Extremely cool summer months and seasons were defined as having an average air temperature two standard deviations (t ≤ tav.− 2σ) lower than the respective long-term value. The study covered 59 weather stations in Central and Eastern Europe during the period 1951–2010. Cool summers (ECS) so defined were only limited to some distinct parts of the area, including its northern sections (from an area north of approximately 55°N southwards with the greatest southern extent in the Central Russian Upland); in the southwest (in the Ore Mountains, Sudeten and Carpathian Mountains and their environs); and on the lower Volga river and the Russian–Kazakh borderland. Exceptionally cool summers were observed at 34 of the 59 stations included in the study (58 %) no more than two times during the period.

Detailed analysis only included ECSs observed at three stations (5 % of the total stations) or more. Six such seasons were identified (1962, 1969, 1976, 1978, 1984 and 1994), which was exactly one half of the number of exceptionally hot seasons (12).

The small overall number of exceptionally cool summer seasons during the study period caused their occurrence pattern to display only weak correlation with the progressively increasing summer temperatures observed (especially in the western parts of the area), as opposed to the clearly increasing number of exceptionally hot summer months and seasons. Indeed, no extremely cool summer was observed during the decade 2001–2010, when the number of exceptionally hot summers was the greatest (5), and there were no ECS during 1951–1960, when there were no exceptionally hot summers either.

The warming effect, observed in the western part of the study area (Twardosz and Kossowska-Cezak 2013a) is accompanied by both an ever more frequent occurrence of exceptionally hot summers and a decline in the number of exceptionally cool summers, even though that latter effect is less pronounced due to a lower overall frequency of ECSs.

It could also be argued that the contemporary warming effect involves an increase in the temperature fluctuation observed not just in the frequency of exceptional summer seasons, but also of individual months and their temperature anomalies.

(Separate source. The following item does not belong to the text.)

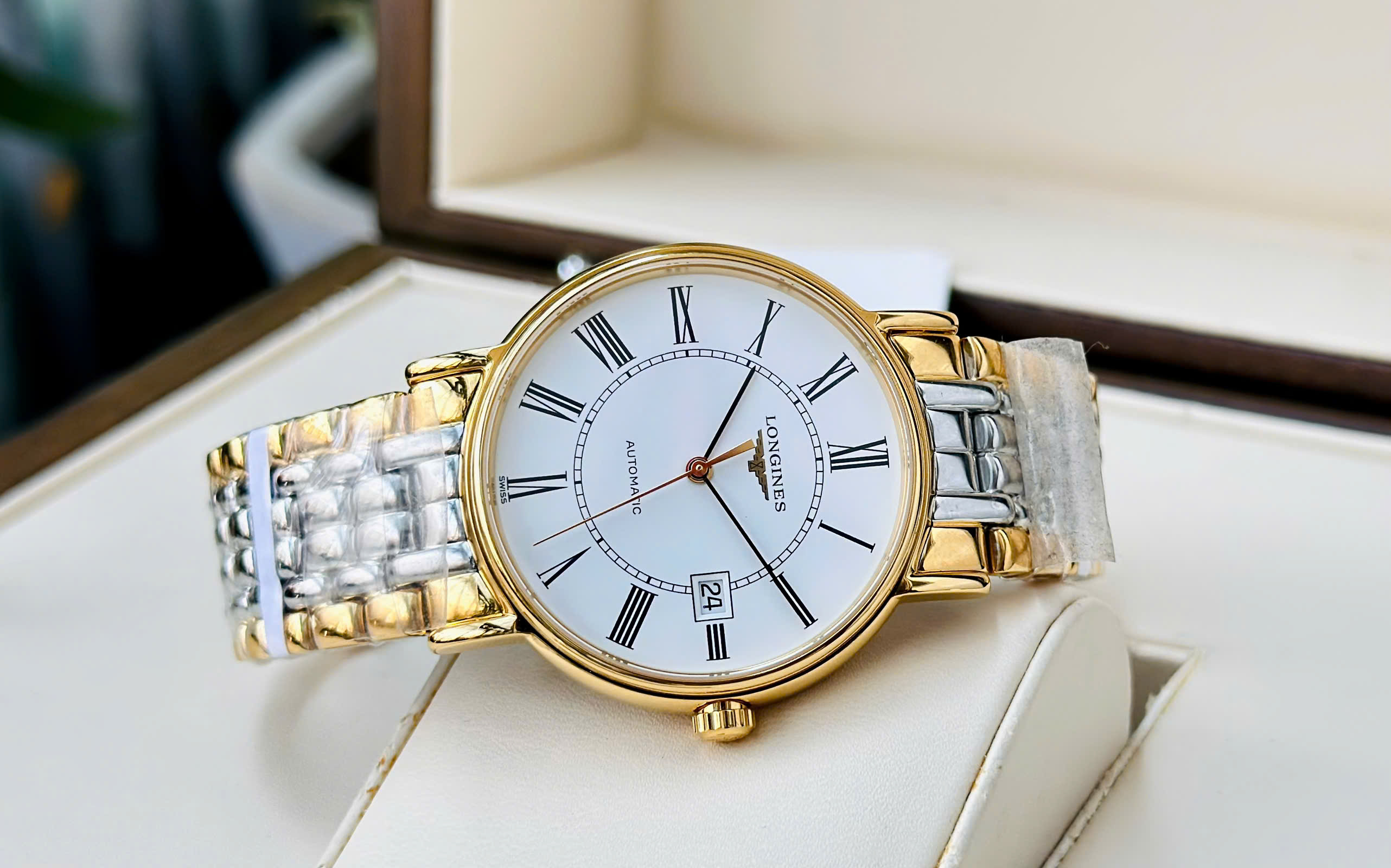 Đồng hồ Longines Automatic Presence L4.921.2.11.7 chính hãng 1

In the beginning of the 60-year study period, exceptional temperature seasons did not occur and exceptional months were few and far between, while during the last decade there are both hottest and coolest months of the entire periods with anomalies of 5 °C and more. During the twenty-first century, there also occurred a case where the same month (June 2003) was extremely hot and extremely cold (7 and 11 stations, respectively) in different large parts of the study area.

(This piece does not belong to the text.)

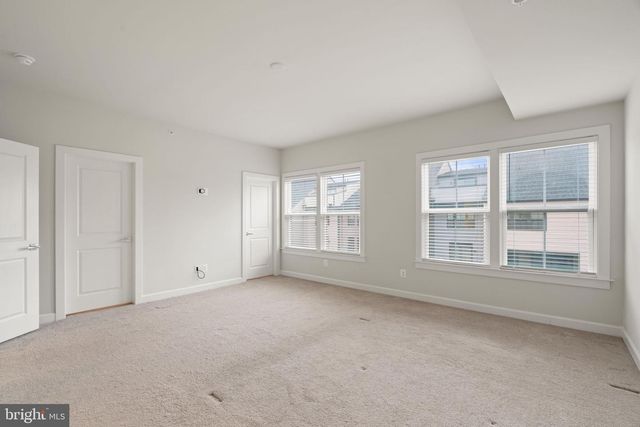 43467 GRANDMOORE ST, Ashburn, VA 20148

The average air temperature of an exceptionally cool summer was normally lower than the long-term average by 2–3 °C (with just two cases of 3.1 °C; the monthly anomalies were greater). An anomaly of a similar magnitude occurred during the extremely cool and wet summer of 1816 in Western Europe. ECS could include an exceptionally cool month, but in most cases (58 %) the exceptionally low average temperature of the season was a result of a long persistence of relatively low temperatures in all summer months (below the long-term average, but above the threshold value t ≤ tav.− 2σ). For this reason, no single exceptionally cool summer can be identified as the coolest.

During extremely cool summers, the temperatures most harmful to human health (on days with a maximum temperature >30 °C and with minimum temperatures >20 °C) were virtually unrecorded (isolated cases along the southern edge of the area) and days with a maximum temperature >25 °C were much less frequent than average.

Extremely cool summers are not regarded as an extreme phenomenon, especially in recent years when they have nearly disappeared. It seems, however, that they deserve attention precisely because of their rarity.